[Data section]
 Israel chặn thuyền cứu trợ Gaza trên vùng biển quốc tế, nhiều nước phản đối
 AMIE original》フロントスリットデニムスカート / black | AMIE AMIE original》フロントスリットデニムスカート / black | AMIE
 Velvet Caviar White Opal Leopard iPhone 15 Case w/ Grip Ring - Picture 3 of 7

[Exercise aim]
Write out the data again, exactly and in full.

[Exercise solution]
 Israel chặn thuyền cứu trợ Gaza trên vùng biển quốc tế, nhiều nước phản đối
 AMIE original》フロントスリットデニムスカート / black | AMIE AMIE original》フロントスリットデニムスカート / black | AMIE
 Velvet Caviar White Opal Leopard iPhone 15 Case w/ Grip Ring - Picture 3 of 7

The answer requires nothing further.